Beth is a great friend and member of our Launch Team. She’s been married for over ten years to Mike and out of that marriage has come one seriously fun little girl named Katie. Although Beth is now a stay at home mom, she is also quite the marketing consultant and editor.
Advent is pretty personal for me this year. Rather like a girl 2000 years ago, I’m waiting on a baby. He’s due to arrive just a few days before Christmas, but I can’t help being on high alert already. Waiting. Expecting. Anticipating.
As a result of this preoccupation, many of my family’s Christmas traditions are taking a backseat. We won’t be hosting our annual Christmas Eve breakfast. It remains to be seen whether we’ll make it to Christmas dinner with the extended family. I’ve had to–pardon the pun, but it’s nearly unavoidable–hang up my expectations of having every shred of holiday decor strung and lit and tied with a bow by December 1. We’re hitting the high points this year and letting the rest fall where it may.

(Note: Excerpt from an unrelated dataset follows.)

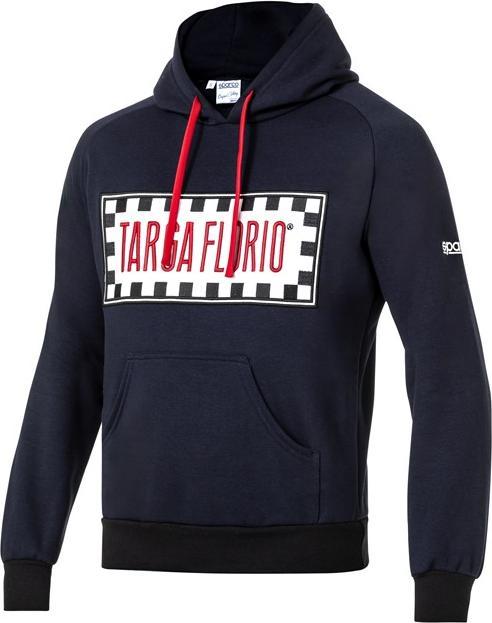 Produktbild Sparco Targa Florio Hoodie Original (S)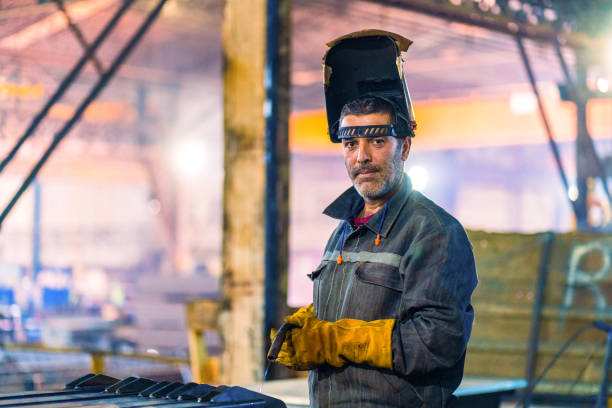 Best Welding Equipment Sales and Repair in St Peter, MN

With such a non-traditional season shaping up, one of today’s final verses stands out to me:
Jesus said to them, “Truly I say to you that the tax collectors and prostitutes will get into the kingdom of God before you.” (Matthew 21:31)
Jesus’ coming messed things up for a lot of people. The chief priests and elders to whom He speaks here had always known they would be in heaven long before someone so abased as a prostitute. They read passages like Psalm 14 with righteous anger. The “fool” and the “wicked” would get what was coming to them–salvation would come, and they would be thankful for it when those people got what they deserved.
Imagine the priests, whose job it was to help people be ready to identify the Savior when He came. Constantly on the lookout for the Messiah. Ready at every turn to follow the One who would redeem Israel. They had their plans down to the letter. They knew the Scriptures inside and out. They were ready. And they missed Him.
With their hearts attuned so closely to what they expected, they missed the reality of God’s coming. Their minds were fixed on their own desires, and the Joy of Man’s Desiring came and went right in front of them.
I’m trying very hard this year to let go of my expectations for this Christmas season. Perhaps it’s practice for a more meaningful holiday in years to come–everything that stands still in my house might not have a ribbon tied on it, but with a heart that is still, I’m in a better position to anticipate and see the coming of Christ.